We are told here that Governour Hancok has resignd the Chair!!!— and are much at a loss for his Successor out of the many candidates which will no doubt be upon the list. I hope our state will not get so divided as to fall into unhappy parties. I hear Mrs. Macauly says that she does not find so much Republicanism as she expected. She went there ten years too late. Yet let her serch whatever part of the Globe she pleases, it is not probable that she will find a larger Proportion of it else where. Pray make my Respectfull compliments to her,6 and remember me to all my Friends of your family. Be assured Dear Madam that frequent communication with you will give real pleasure to your Friend and Humble Servant

A Adams

Dft (Adams Papers); notation by AA: “To Mrs Warren”; docketed by CFA: “To Mrs. J. Warren. Auteuil.”

1.

The Warrens' only letters to the Adamses for this period known to the editors are: James Warren to JA, 29 June 1784 (Adams Papers), which AA is perhaps not counting because it followed so closely on her departure for Europe; James Warren to JA, 28–29 Jan. (Adams Papers), which was evidently slow in reaching France; and Mercy Warren's letters of 27 April to JA (Adams Papers), and 30 April to AA, above. AA's only known letter to Mercy Warren for this period was that of 5 Sept. completed 12 Dec. 1784, above.
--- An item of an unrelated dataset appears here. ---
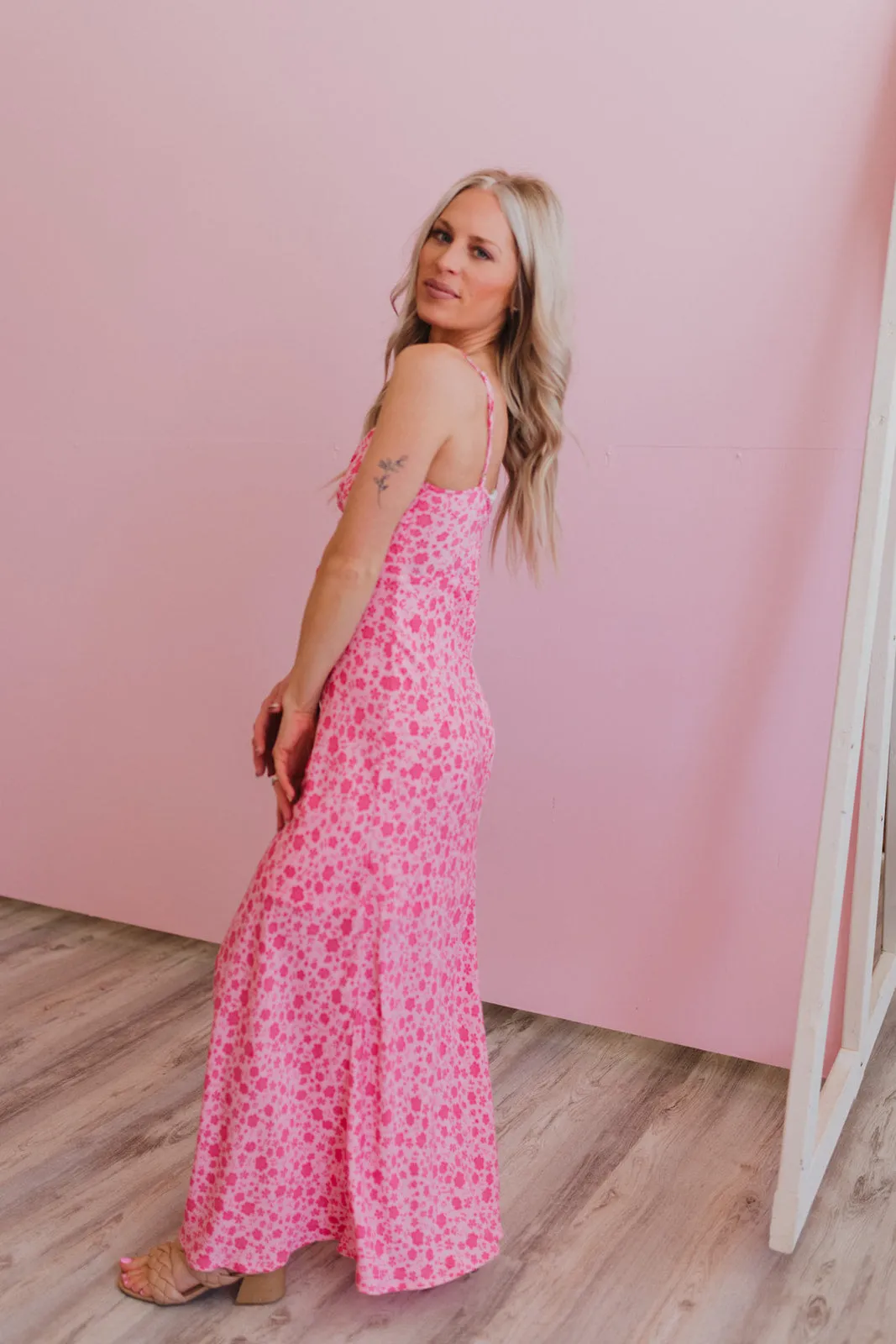 Send  A Postcard Pink Floral Keyhole Maxi Dress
JA, however, had written to James Warren on 30 June, and 27 Aug. 1784, and on 26 April (all LbCs, Adams Papers), and to Mercy Warren on 13 Dec. 1784, and 26 April (both MHi: Warren-Adams Coll.), and on 6 May (MB). Six of these letters, dated 30 June and 5 Sept. 1784, and 28–29 Jan., 26 April (to James Warren), 27 April, and 6 May, are printed in Warren-Adams Letters , vol. 2.

2.

The Adams Papers contains letters from Winslow Warren to JQA, dated 13 July, and 1 Sept. 1784, and 4 Jan., 1 March, and 29 June; all except the first are from Lisbon. JQA's letters to Winslow Warren have not been found.

3.

In Jan. 1776, JA had proposed to Mercy Warren that they exchange characterizations of notable people whom they met (JA, Papers , 3:397). Mercy Warren responded with enthusiasm, but predicted that she would gain more than he from the bargain, because she believed that he would soon make the acquaintance “not only of the Most Distinguished Characters in America, but of the Nobility of Britain. And perhaps before the Conflict is Ended, with some of those Dignifyed personages who have held the Regalia of Crowns And Scepters” (10 March 1776, same, 4:51). JA replied, on 16 April, that Mercy Warren would be disappointed in this expectation: “Your Correspondent, has neither Principles, nor Address, nor Abilities, for such Scenes” (same, 4:125). When JA was appointed a commissioner to France, Mercy Warren wrote to AA and asked her to remind JA of her prediction, for she expected that he would keep his part of their original bargain (2 Jan. 1778, vol. 2:377).

4.

The editors have found no evidence that Lafayette sought an appointment as French minister to the United States in the 1780s, but had he been appointed to that post, it seems hardly likely that the two American cities—New York and Hartford, Conn.—and the two 141states—Maryland and Massachusetts—that had made him a citizen between September 1784 and February 1785 would have considered his appointment grounds for terminating that honor.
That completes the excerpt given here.